After a Mixed Session for Gambling Interests, Legislative and Tribal Leaders Will Chart Path Forward

An expansion in Grants Pass failed and a bill that would have legalized betting on college sports died—but so did a tribal bill seeking a task force on gambling.

Oregon’s contentious gambling industry is inching toward a comprehensive discussion of how three players—the state-owned Oregon Lottery; the state’s nine federally recognized Indigenous tribes; and a plethora of private interests—will split the wagering pie.

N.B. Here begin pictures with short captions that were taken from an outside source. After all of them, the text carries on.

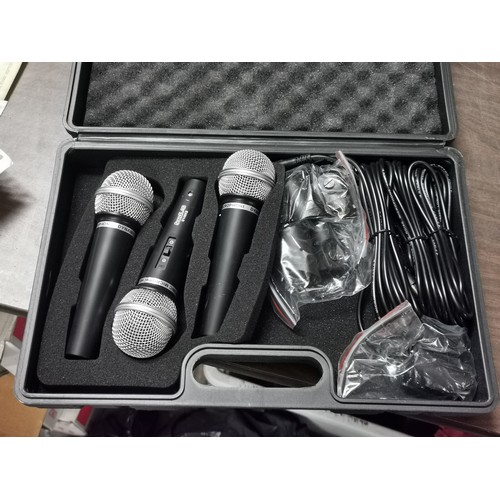 31 - Soundlab dynamic vocal microphone kit in carry case - all proceeds from this lot go to NSPCC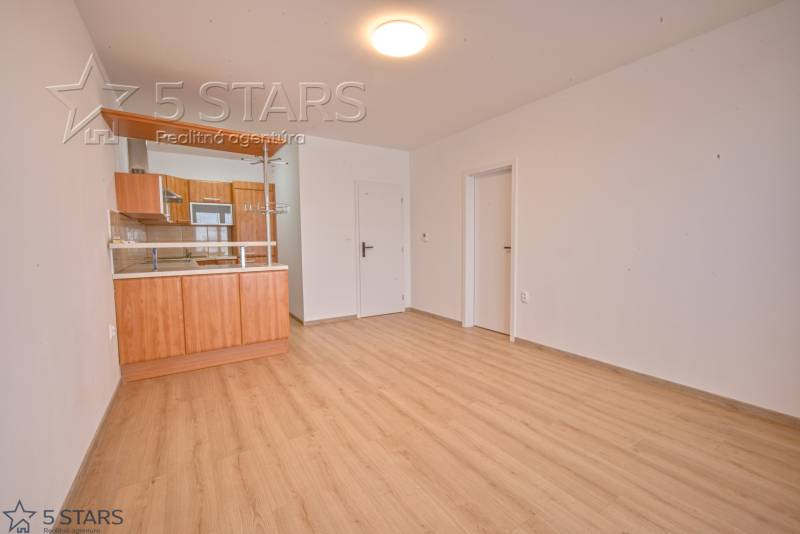 2izbovy byt-predaj-nove mesto nad vahom-10.jpg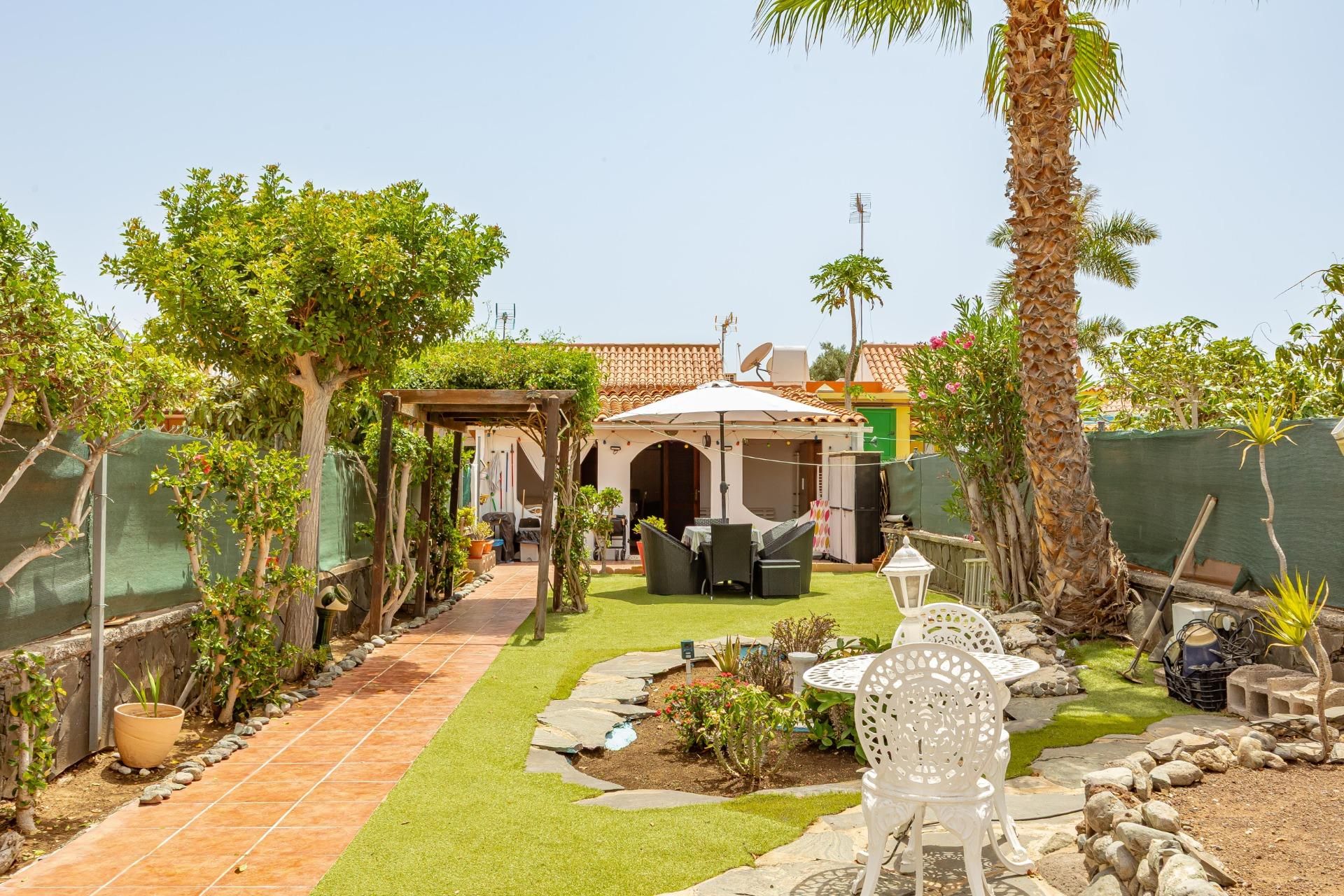 Garden of Single-family semi-detached for rent to own in San Bartolomé de Tirajana  with Air Conditioner, Private garden and Terrace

The tribes went into the February legislative session pushing a bill that would have halted all expansion pending a sit-down at which all three groups could discuss what’s possible in the future and who should benefit from it.

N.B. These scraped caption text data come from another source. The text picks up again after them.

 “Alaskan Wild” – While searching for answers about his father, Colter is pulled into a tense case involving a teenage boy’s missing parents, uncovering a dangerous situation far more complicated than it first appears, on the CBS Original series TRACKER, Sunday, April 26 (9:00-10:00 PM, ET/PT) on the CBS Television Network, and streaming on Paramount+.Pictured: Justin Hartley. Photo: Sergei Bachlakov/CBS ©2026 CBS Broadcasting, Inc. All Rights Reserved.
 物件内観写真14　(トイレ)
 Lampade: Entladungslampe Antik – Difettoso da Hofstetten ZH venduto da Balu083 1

As WW previously reported, while that bill was pending, the Oregon Department of Justice opined that the proposed inclusion of 225 gambling terminals at the horse-racing track in Grants Pass would violate the Oregon Constitution’s prohibition of off-reservation casinos. And a bill that would have legalized betting on Oregon college sporting events died without a floor vote.

Five tribes pointedly opposed that bill, which was sponsored by just one lawmaker: Senate President Peter Courtney (D-Salem).

Those two outcomes softened the blow to the tribes of seeing their request for a comprehensive discussion fail again, as it did during the 2021 regular session.

But a week after this year’s short session ended March 4, five tribes—the Cow Creek, Grand Ronde, Klamath, Umatilla and the Confederated Tribes of Coos, Lower Umpqua and Siuslaw—wrote to Courtney and House Speaker Dan Rayfield (D-Corvallis).

“We are writing to request a meeting with you in the spirit of our government-to-government relationship regarding our continued request for the state of Oregon to convene a special Joint Committee on Gambling,” tribal leaders wrote.

“It has been more than 25 years since the state has led a comprehensive review of the state-gambling regulatory structure. Another examination is long overdue and necessary given the evolution of technology in gambling and the constant pressures to expand state government-sponsored and private gambling in Oregon.”

Courtney’s chief of staff, Lisa Taylor, says the Senate president is ready to talk. “Our office is setting up a meeting between Sen. Courtney and the tribes,” Taylor says.

Danny Moran, a spokesman for Rayfield, says the new speaker also looks forward to making progress on the issue.

“Speaker Rayfield committed to establish a joint committee on gambling weeks ago, and his office has been in contact with Tribal members to plan next steps,” Moran says. “He shares concerns about the expansion of gambling options in the state and the impact it will have on the Tribes.”